Illumination of the Pohutu Geyser Terrace, Rotorua

  • Mark Burton

Kia Ora and good evening Ladies and Gentlemen.

Thank you Ben for that kind introduction and thank you, on behalf of myself and Carol, to the members and staff of the Maori Arts and Crafts Institute, for what has been an enjoyable and pleasant evening thus far.

We have now come to the focus of the evening, the official lighting of the Pohutu Geyser and the spectacular sinter terraces.

I think it is appropriate that I start by acknowledging that it was my predecessor as Minister of Tourism, the Hon Lockwood Smith, who approved a significant grant to facilitate the permanent lighting of the geyser and terraces. This was part of the millennium celebrations, and for the ongoing benefit of visitors to the Whakarewarewa Thermal Valley.

Some ideas are able to attract universal support. Assisting the Institute to permanently light this icon of New Zealand tourism is one such idea. I am pleased that as Minister of Tourism, I am now able to play a part in this important event.

Most of you assembled here this evening hold a great deal of knowledge about the significance and history of this area, its natural features and its place in our culture.

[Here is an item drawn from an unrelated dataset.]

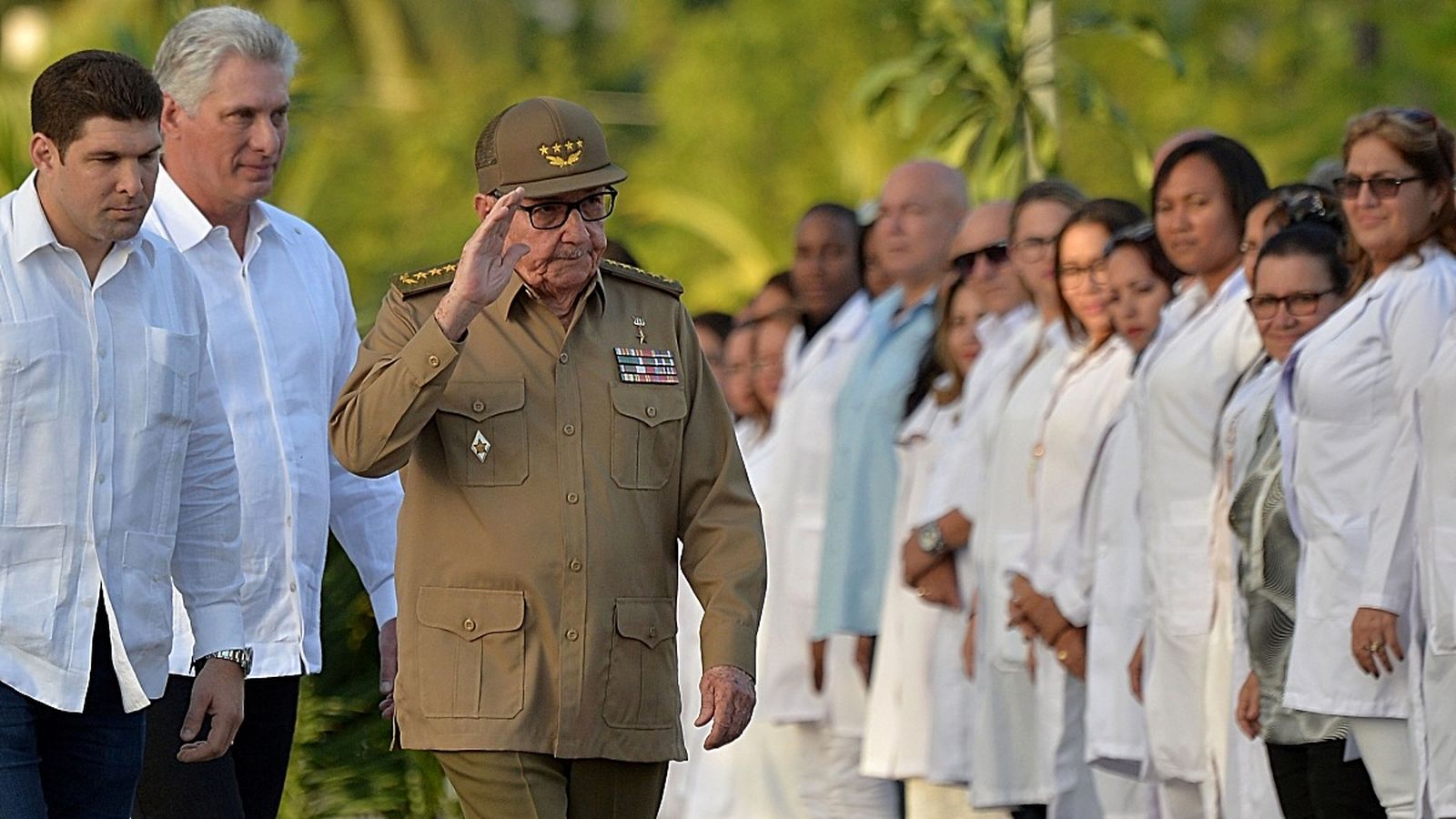 El líder del Partit Comunista de Cuba, Raúl Castro (centre) acompanyat del president del país, Miguel Díaz-Canel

Many, many more New Zealanders – and overseas visitors – have witnessed the magnificence of Pohutu, and the other features of the Valley. I understand that it has been observed, photographed and studied as a unique geothermal feature since 1850.

I know that it is a favourite holiday visit for kiwi families. It has featured in advertising and promotional material of local and national tourism bodies for years. And of course it holds special significance for local Maori - for generations it has been central to your way of life.

The particular combination of geothermal wonders and Maori culture make this place a very special attraction and an icon in New Zealand tourism.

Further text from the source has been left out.